そんな騒動のさなか、急に存在感を高めてきたのが、自民党の高市早苗衆院議員だ。昨年の総裁選では“女性初の首相候補”として注目を集めたが、敗北以降は沈黙を守っていた。その高市氏が、ここへきて突如「ジャパンファースト」を叫び、石破首相への批判を強めている。

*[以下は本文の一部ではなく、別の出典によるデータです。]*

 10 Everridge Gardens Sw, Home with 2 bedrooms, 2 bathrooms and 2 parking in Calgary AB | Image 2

「日本も本気を見せるべきだった」「上等だ、製造業は国内にとどめよ」といった発言は、保守層の心をくすぐるものだ。しかし――その声があまりに遅すぎた、というのが多くの有権者の本音だ。
保守層の間に広がる“失望”
高市氏は、4月3日に開かれた「保守団結の会」に参加し、石破政権を痛烈に批判。「陣頭指揮をとっている人物が見えてこない」と語ったほか、出席した保守系議員からは「石破では参院選は戦えない」との声も飛び出した。
だが、その場の熱気とは裏腹に、保守支持層からは厳しい声が聞こえる。「選挙が終わった後に“保守の顔”をしても遅い」「あの沈黙期間にすべてが決まった」。ネット上や地域の後援会でも、高市氏にかつて期待していた層が、すでに見切りをつけ始めている。

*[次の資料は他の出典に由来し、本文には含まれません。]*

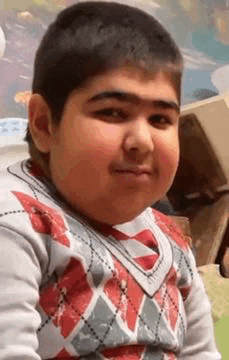 a young boy is making a funny face while wearing a sweater and looking at the camera .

特に痛かったのは、昨年の総裁選での「靖国神社に今後も参拝する」との発言。筋は通っていたが、中国などとの外交リスクを懸念した議員が次々と支持を取り下げ、最終的に石破氏に票が流れた。あの時の傷が、今も尾を引いている。
保守票は「他党」へ分散
高市氏の背景には、日本会議をはじめとする保守系団体の存在がある。確かにその影響力は強く、支持基盤としては無視できない。しかし、最近では「日本会議中心の政治は行き過ぎだ」という声も党内外で増えており、無党派層や中道の有権者は離れつつある。

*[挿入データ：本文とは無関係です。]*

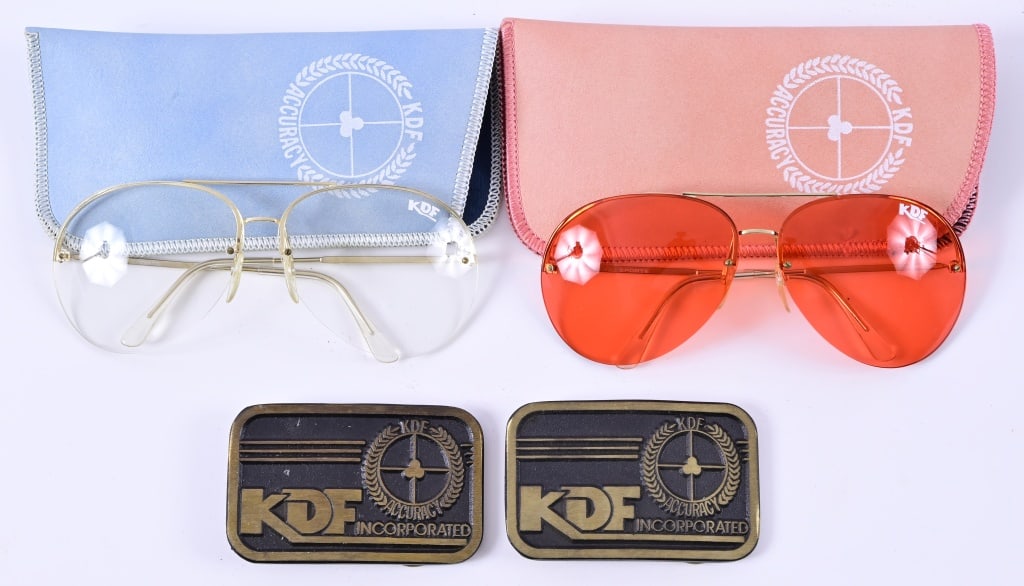 KDF Firearms Shooting Glasses & Belt Buckles: Two pair of vintage 1980's His/Hers vintage KDF Accuracy NOS shooting glasses and belt buckles.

その結果、一部の保守層は、すでに他党へと足を向けている。日本保守党のような新興政党に期待を寄せる人もいれば、地方議会レベルで新たな保守候補を支援する動きも出てきた。「かつては高市推しだったが、今は違う」。そんな声が静かに広がっている。
石破政権には“意外な評価”も
一方、石破政権は支持率こそ低迷しているが、少数与党というハンディのなかで、現実的な政権運営を続けている。国民民主党や維新の会と連携して予算を通すなど、「不器用に見えて、実は手堅い」という評価も出てきている。
「石破さんは思わせぶりに“消費税下げるかも”と言いながら結局下げないとか、うまいよね」と話す党内関係者もいる。一時は“退陣論”まで飛び交ったが、最近は“案外やれている”と見る向きも増えている。
信頼を取り戻すには時間がかかる
高市氏が保守的な主張を強めること自体は、彼女の政治信条からすれば一貫している。しかし、その“声の上げ方”と“タイミング”が、かつての支持層には「自己保身のための演出」に映ってしまっている。
政治において最も難しいのは、一度離れた信頼を取り戻すことだ。高市氏が再び総裁候補として浮上するには、単なるパフォーマンスではなく、日頃の言動や行動の積み重ねが必要になる。だが、すでに多くの有権者は次の選択肢に目を向け始めている。
その時、高市早苗という名前が、どれだけの意味を持つだろうか。